Back in the old days before computers, ipads and iphones became the popular storage medium, young kids like myself had scrapbooks. You could pick one up at at the local five and dime and build your own memories and dreams in the privacy of your bedroom. Animation had become my passion and as a young middle schooler I searched high and low for any scrap of information about the cartoon business. Amazingly enough, I found these published treasures in the most unlikely of places. Articles about the Walt Disney Studios appeared in a number of magazines back in the fifties and those magazines were usually in the dentist or doctor’s reception rooms. I flipped through movie fanzines and weekly periodicals looking for anything on animation. Thankfully, the magazines were so darn old, I actually found a Life Magazine article featuring the hot new Walt Disney animation feature film entitled, “Snow White and the Seven Dwarfs.” Can you begin to imagine how long that magazine had been in the doctors office? Yikes! The film was released in the thirties, for heavens sake.
No matter. These newspaper and magazine articles were printed treasures for a kid like myself. After all, there were precious few places a young artist could find information about the animated cartoon business. Many of our elders considered animation a special kind of magic created by a man named, Disney. Most never gave a thought that these magical motion pictures were actually created by talented, young (most were back then) men and women. Working in animation was hardly considered a real job and most older people thought it wise that I focus my attention on a vocation that would pay the rent. Undeterred, I continued my search for animated articles and any scrap of information I could dig up about the wonderful world of animation.

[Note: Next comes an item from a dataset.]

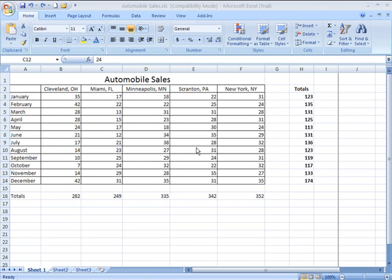Creating charts or graphs in Excel is a fabulous way of visually displaying your data. It makes it much easier for your viewer to understand trends and understand highs and lows in terms of sales.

In the photograph below you’ll see a page from my ancient scrapbook that features an article from a Hollywood fan magazine. This is only one of the many acticles I dug up back in the early fifties that took us inside the magical facility known as the Walt Disney Studios. Naturally, the Hollywood Studios used such excursions to the Disney Studios as a device to build a media profile for their budding young actors and actresses. In this particular case, we see a young Farley Granger and Phyllis Kirk as they tour the various departments of Walt’s magic factory. In the black & white photos we see a young Eric Larson as he explains the animation process. In another shot, director, Hamilton Luske stands on a stool as he explains Disney’s story development techniques. Naturally, these visits often included cute photo moments as the attractive young actors try their hand at painting a cartoon animation cel. It may have simply been a job for the young Hollywood couple, but it provided special acess for a kid who had never seen the inside of a cartoon studio. That’s why these articles were pasted in my special cartoon scrapbook so I could view them over and over again.
If you’re as old as I am, you may very well have had a scrapbook of your own. A kid’s scrapbook was the special repository of his or her dreams and aspirations, and they helped us continually focus on our ultimate goals. I still have my scrapbook today and it remains a treasure. Naturally, I still flip through the pages and remember what it was like being a twelve year old kid with lofty dreams. Dreams that I knew would one day be realized.